2. A connector according to claim 1, wherein said sealed beam is L-shaped.
3. A connector according to claim 1, wherein, when the connector is
connected, the circumference of the signal terminal is surrounded by the
ground terminals and ground pins of opposing parts such that
electromagnetic waves emitted from the signal terminals are shielded.
4. A connector according to claim 3, wherein said ground terminal and said
ground pin cross at an right angle.
5. A ground terminal for an electrical connector, the ground terminal
comprising an elongated metal plate with an end having a generally planar
part with a first side edge and two generally parallel second side edges
that are each spaced a different distance from the first side edge, a
first contact portion of the metal plate being bent at one of the second
side edges to be generally perpendicular to a plane of the planar part, a
second contact portion of the metal plate being bent at the other of the
second side edges to be generally perpendicular to the plane of the planar
part, the first and second contact portions being juxtaposed to receive a
ground pin therebetween.
6. The ground terminal of claim 5, wherein the second contact portion is
shorter than the first contact portion, a further edge of the planar part
that connects the two second side edges defining a depth of the ground
terminal.
Description
BACKGROUND OF THE INVENTION
1. Field of the Invention
The present invention relates to a connector and particularly relates to a
connector comprising a plurality of signal terminals for transmitting
electric signals and a plurality of ground terminals disposed so as to
surround the signal terminals and both the signal and ground terminals are
arranged in a zigzag manner, and to a method of shielding the signal
terminals.
The present application is based on Patent Application No. Hei 10-060045
filed in Japan, the contents of which are incorporated herein by
reference.
2. Background Art
Conventionally, connectors for mutually connecting bases for transferring
high frequency signals or for mutually connecting bases and cables are
constructed with a plurality of signal terminals and the ground terminals.

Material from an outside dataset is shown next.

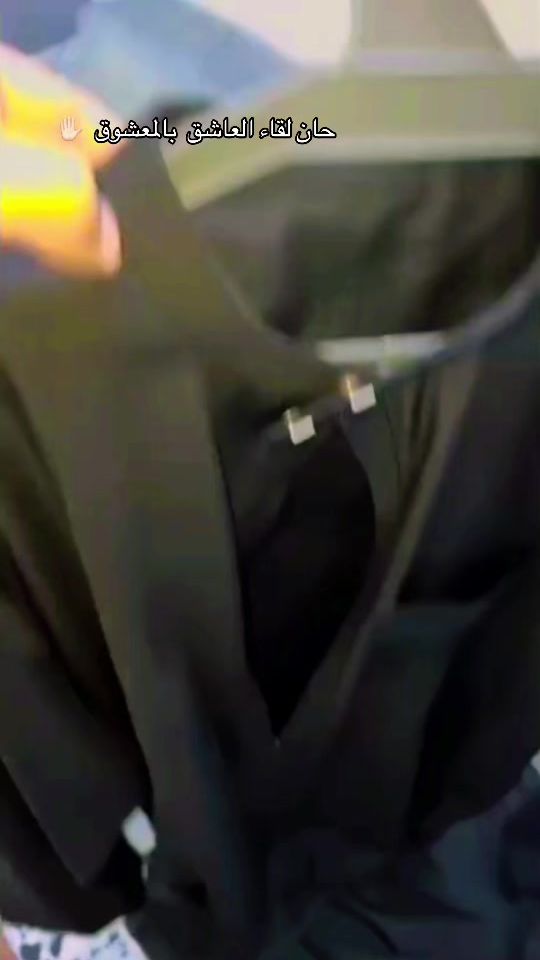 TikTok video thumbnail by basim1987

In general, those ground terminals are normally disposed around the signal
terminals to form a pseudo coaxial structure. Such a structure is
advantageous in improving the transmission properties of the high
frequency signal and in suppressing crosstalk.
FIG. 9 shows a perspective view of a terminal 20 used for the above
mentioned connector, and it is general to commonly use this terminal 20
for the signal terminals as well as for ground terminals.

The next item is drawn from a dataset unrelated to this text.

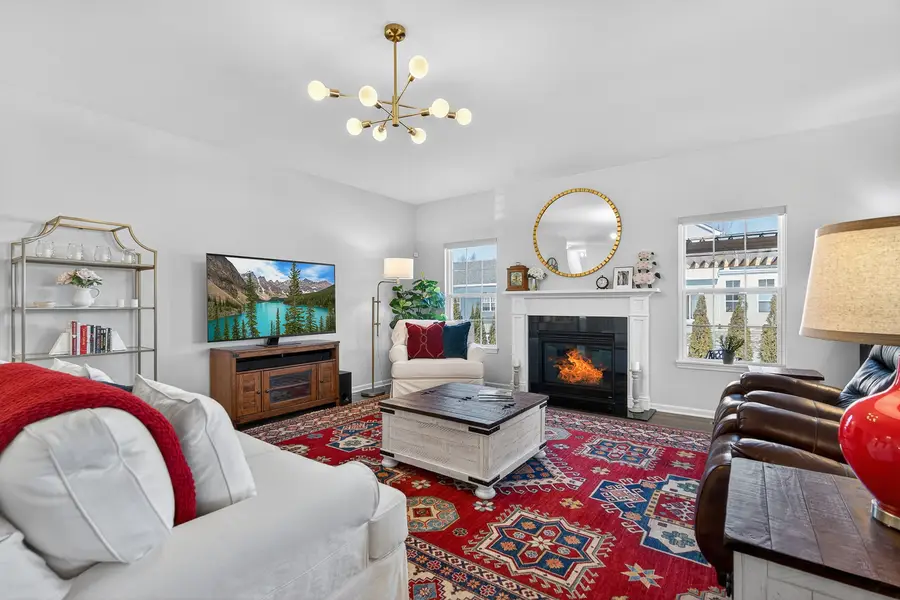 429 Fairway Lane, Sycamore, IL 60178 - Image #3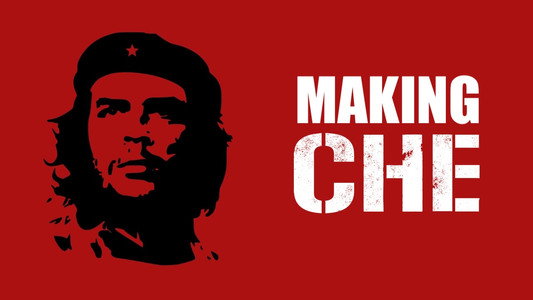Making Che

However, in a connector having such a simple terminal, such as the terminal
shown in FIG. 9, if the signal frequency passing the connector becomes
high, the amount of electromagnetic radiation emitted from the signal
terminals increases, which results in causing crosstalk in adjacent signal
terminals.
In contrast, the connector, proposed in the Japanese Patent Application,
First Publication No. Hei 7-211404 is provided with a ground terminal with
a modified shape, which shields electromagnetic waves emitted from each
signal terminal, in order to suppress generation of crosstalk. In this
case, however, the shape of the ground terminals is modified so as to be
able to shield the electromagnetic waves emitted from the signal terminals
for eliminating the generation of crosstalk. However, in this ground
terminal, only the shape for connecting it with the base is modified, and
the structure inside the connector (inside the housing) remains simple.
Thus, since the electromagnetic radiation still passes through a tulip
like open portion, sufficient shielding of radiation and sufficient
removal of crosstalk is not realized by that connector. It is also
difficult from the manufacturing point of view to form the portion bent at
an right angle to the base connecting side so as to be able to effectively
shield the radiation.
It is therefore the object of the present invention to provide a connector
with a simple structure and also provide a method for shielding the signal
terminals so as to shield the electromagnetic radiation even in inside of
the connector to ensure prevention of problems such as crosstalk.
SUMMARY OF THE INVENTION
According to the first aspect of the present invention, the present
invention provides a connector comprising a plurality of signal terminals
for transmitting electric signals and a plurality of ground terminals for
grounding disposed so as to surround the signal terminals and both signal
terminals and ground terminals being arranged in a zigzag manner, wherein
said ground terminals are provided with a plate-like sealed beam
projecting in the direction of the front end of the connected portion; a
sub-beam formed bent at right angle from the base position of said sealed
beam towards its point and extending in parallel with said sealed beam
without interfering with said sealed beam; and a main beam extending in
parallel with said sealed beam and bent at an right angle in the same
direction as the sub-beam, such that the shape of the connector is
F-shaped, when viewed from the direction of connecting portion.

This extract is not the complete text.